04
http://acm.hdu.edu.cn/showproblem.php?pid=6705
Analysis; each edge of the form into the first stack, the stack by the path weight in ascending order, and then takes out the top of the stack, with the sides extended v new path. However, the points may be of a very large (e.g., FIG chrysanthemum), can be found, then the edge of the sorting,
Each need to extend only a minimum current point side, and extended to the lower edge of one side to the current point.
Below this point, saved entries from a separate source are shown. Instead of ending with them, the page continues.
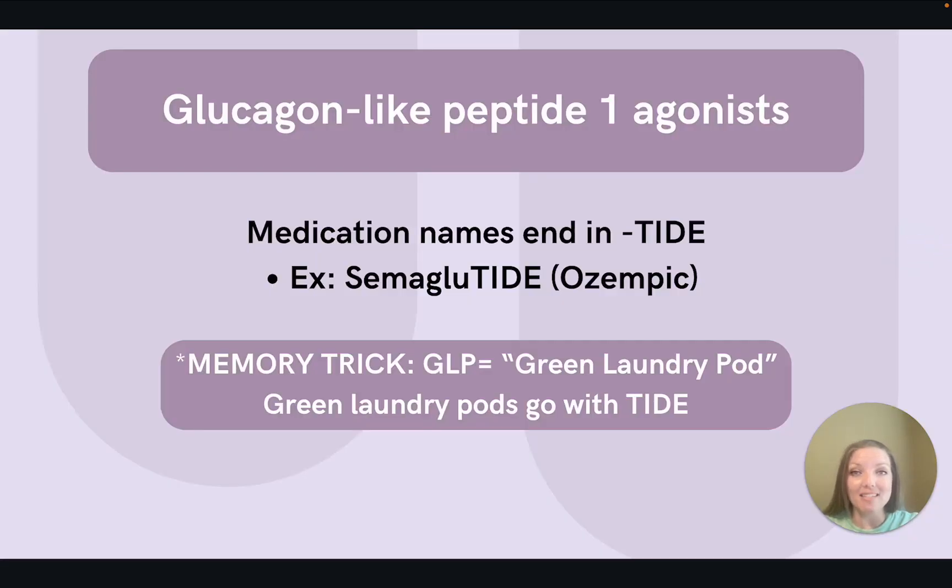GLP-1 agonist is short for glucagon-like peptide 1 agonist. The medication names in this group end in TIDE. A good example of this is semaglutide, or Ozempic. One way to remember these is to think that GLP stands for green laundry pods and the medication names end in TIDE, like the laundry detergent. It might seem a little silly, but for testing purposes those memory tricks can really help things stick.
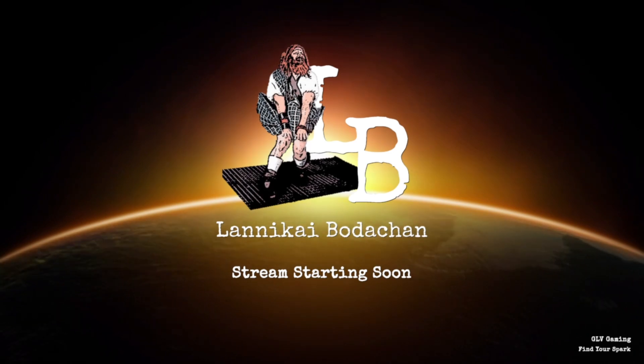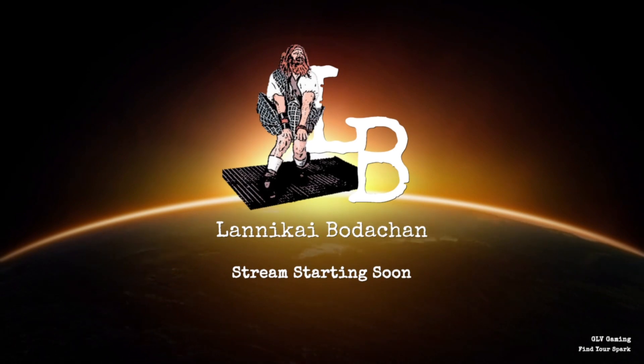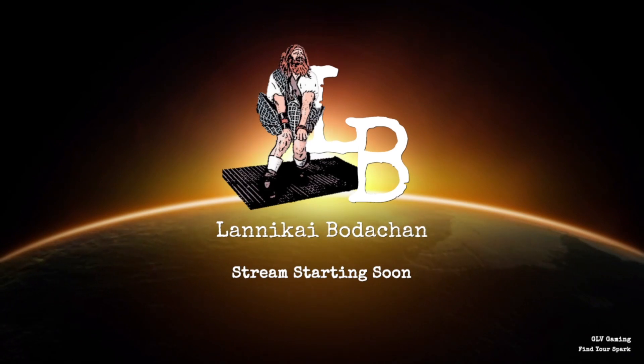Crusader Industries' proud history of transport designs has crafted a landmark vehicle: the Genesis Starliner. This ship utilizes award-winning manufacturing techniques and the highest quality parts to create the next generation passenger ship at a price point to match. The Crusader Industries Genesis Starliner — space traffic as it was meant to be. Contact your Crusader Industries to find out more.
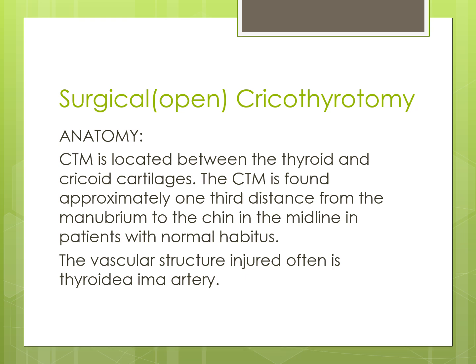The cricothyroid membrane is located between the thyroid and cricoid cartilages. It is found approximately one third of the distance from the manubrium to the chin in the midline in patients with normal habitus. In patients with a short, obese neck, the membrane may be hidden at the level of the manubrium. In patients with a thin, long neck, it may be between the chin and the manubrium. The most common vessel injured is the thyroid ima artery, which is a branch running anterior to the thyroid gland in the midline.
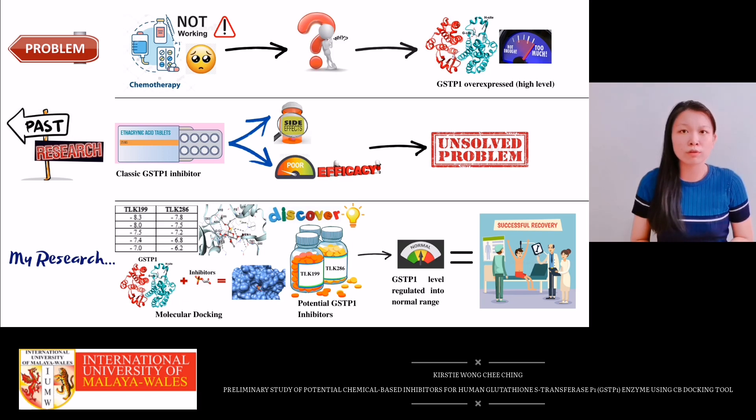GSTP1 is found to be greatly overexpressed among cancer patients. Rather than to just sit and continue this endless blame game, past research has started with numerous studies and came up with a solution, which is utilizing anthracinic acid as a GSTP1 inhibitor.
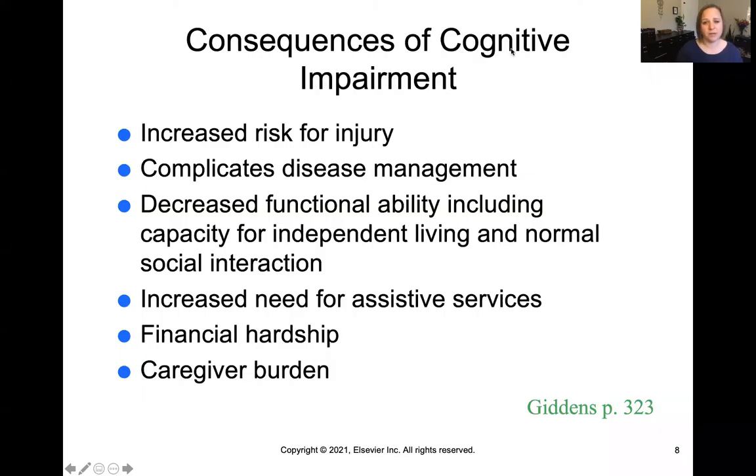There can be significant consequences to cognitive impairment, regardless of the cause. It puts patients at increased risk for safety issues and injuries, complicates disease management because patients can't participate as well in their care, and causes decreased functional ability — including activities of daily living, independence, and normal social interactions. Patients may need more assistive services and face financial hardship due to limited employment opportunities. There can also be caregiver burden, so we want to think about the family unit, assess how caregivers are doing, and offer support and resources to prevent burnout.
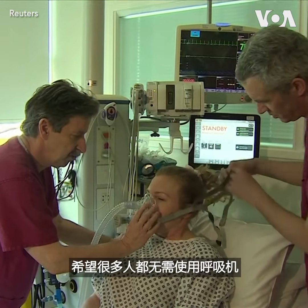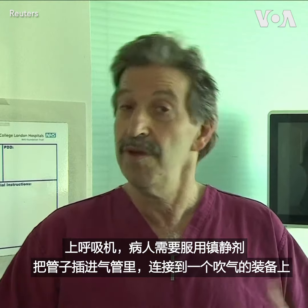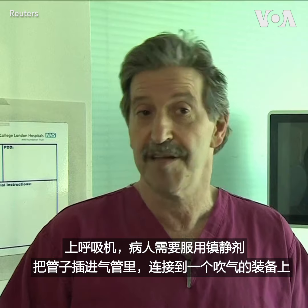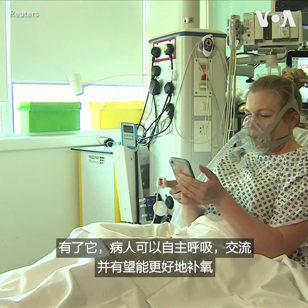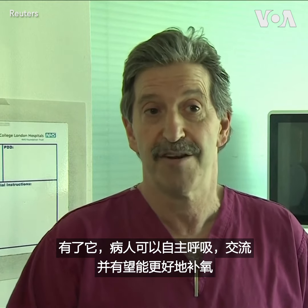then hopefully many patients can be prevented from needing to go on to a ventilator. With a ventilator, patients need to be sedated and the tube placed in the windpipe and connected to a machine that blows air in. With this, the patient can be spontaneously breathing, communicating, and hopefully better oxygenating.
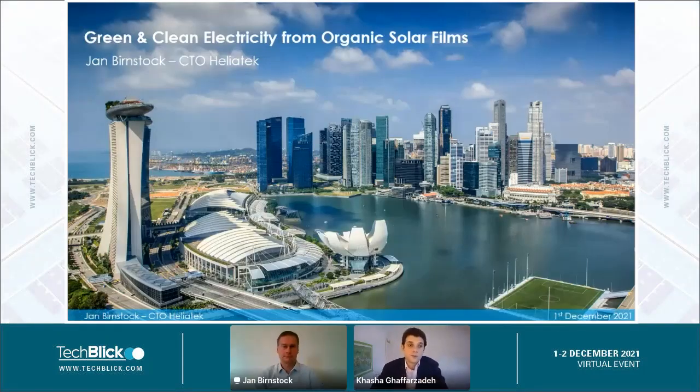Hello everyone, welcome to this presentation by Jan Bernstok. He's the CTO of Heliatek. Heliatek is really one of the pioneers in the field of OPVs. For many years, possibly more than a decade, they've been developing roll-to-role processing of tandem OPV cells. And so we are very happy to hear from Jan.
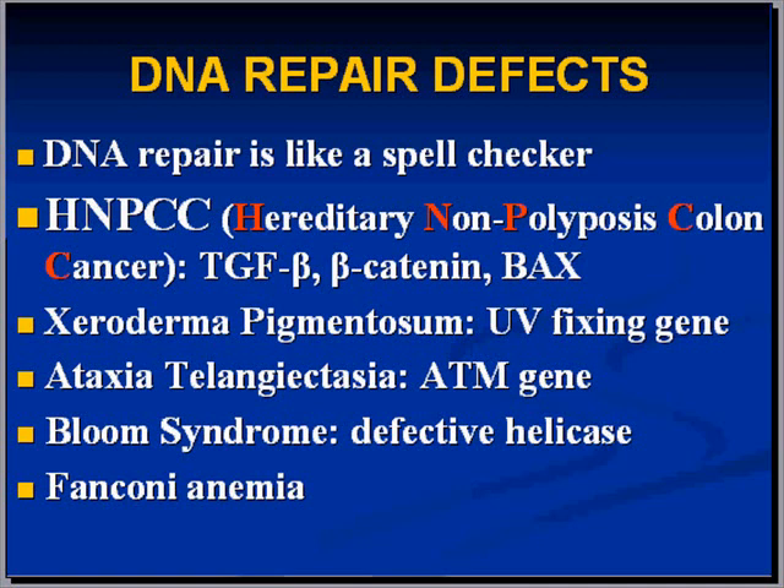Defective genes would interfere with the DNA sequence being properly checked for correctness, like a spell checker. There is a type of cancer that is hereditary — it's colon cancer, but it's not derived from polyps. That's why it's called hereditary non-polyposis colon cancer, or HNPCC.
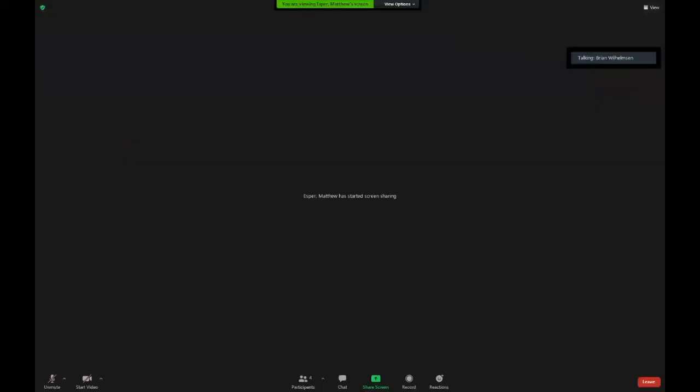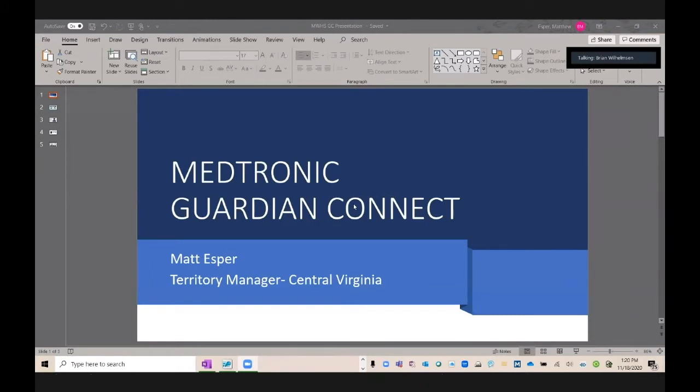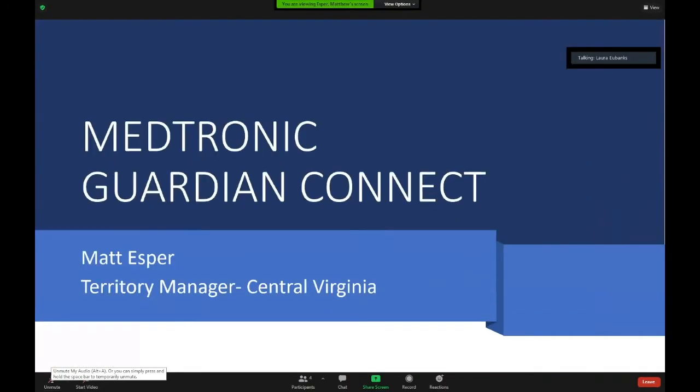Now we're moving on to our next presenter — Matt Esper from Medtronic Guardian Connect. Matt has had type 1 diabetes for about 35 years, diagnosed at 13 months old. He grew up in Massachusetts and now lives in Virginia. He's married with two daughters and has worked for Medtronic for eight and a half years in various roles. He's proud to work for a company that meets patients wherever they are on their diabetes journey.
Stack needs to record the current node, the current distance, the distance from a node, the current node is extended to be spread nowadays one side.
(Note that if the same current-time extended even point out the value of the ownership side, will the TLE, is in fact not necessary.)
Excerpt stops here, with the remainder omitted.